_Given information_.
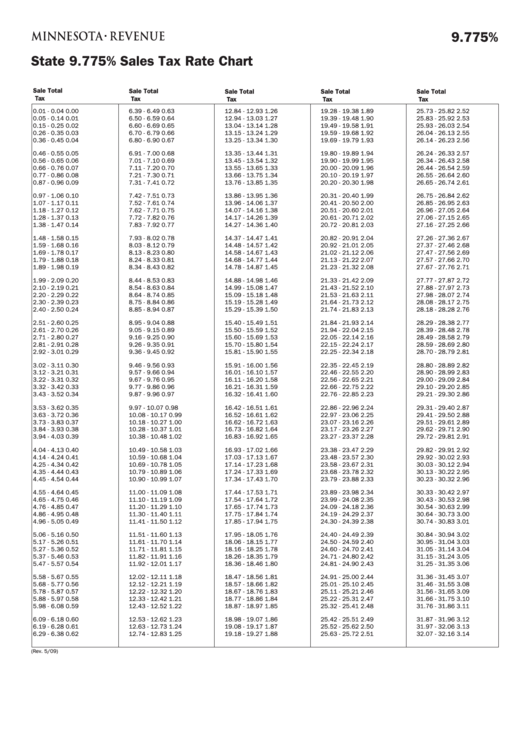 State 9.775% Sales Tax Rate Chart - State Of Minnesota Printable pdf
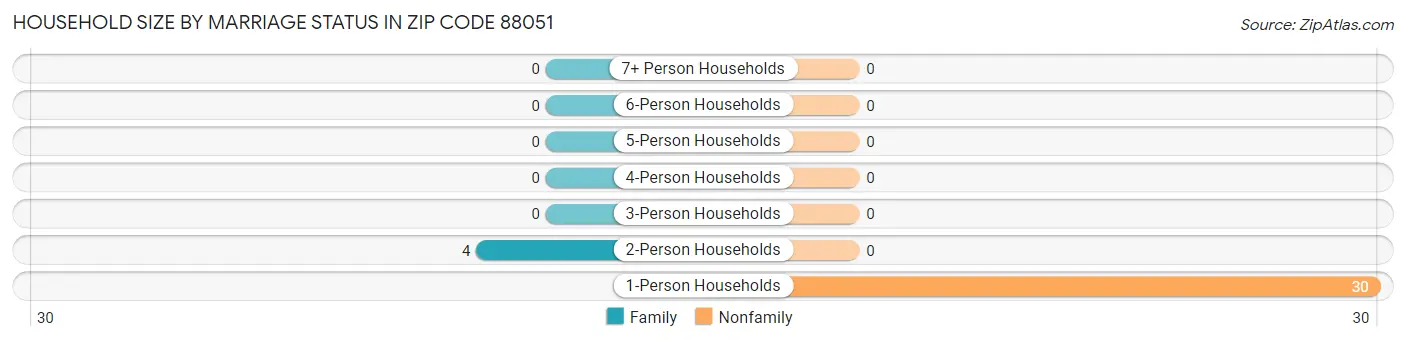 Household Size by Marriage Status in Zip Code 88051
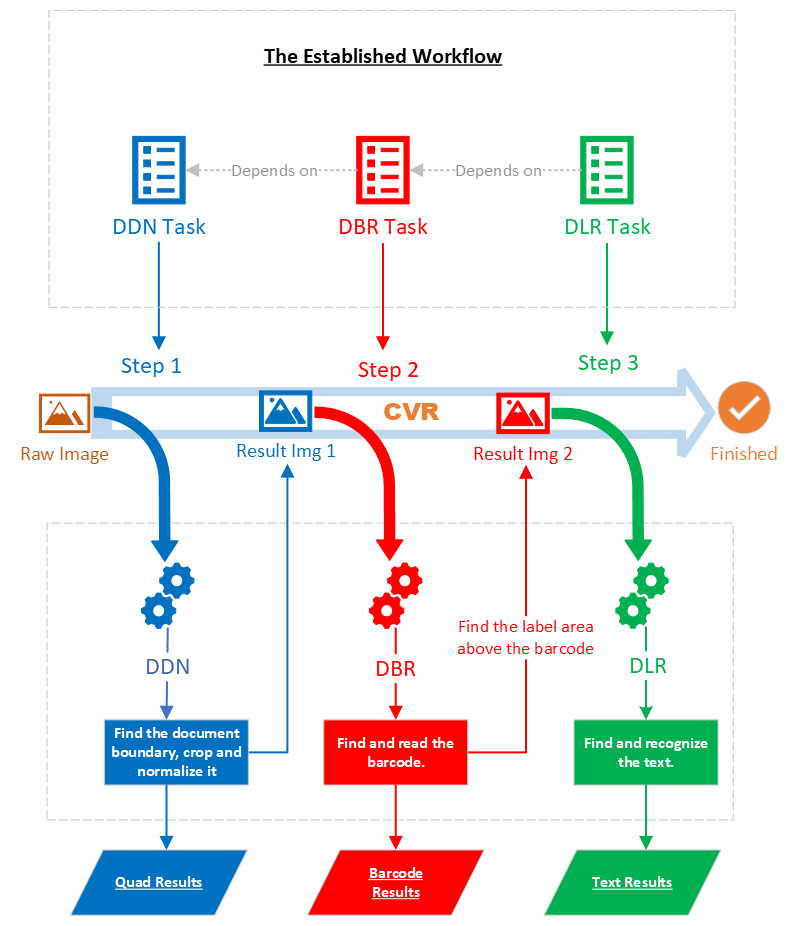 CVR-Task-Coordination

_What is expected_.
Set down all the lines above exactly as they appear, with no pictures.

_Your solution_.
 State 9.775% Sales Tax Rate Chart - State Of Minnesota Printable pdf
 Household Size by Marriage Status in Zip Code 88051
 CVR-Task-Coordination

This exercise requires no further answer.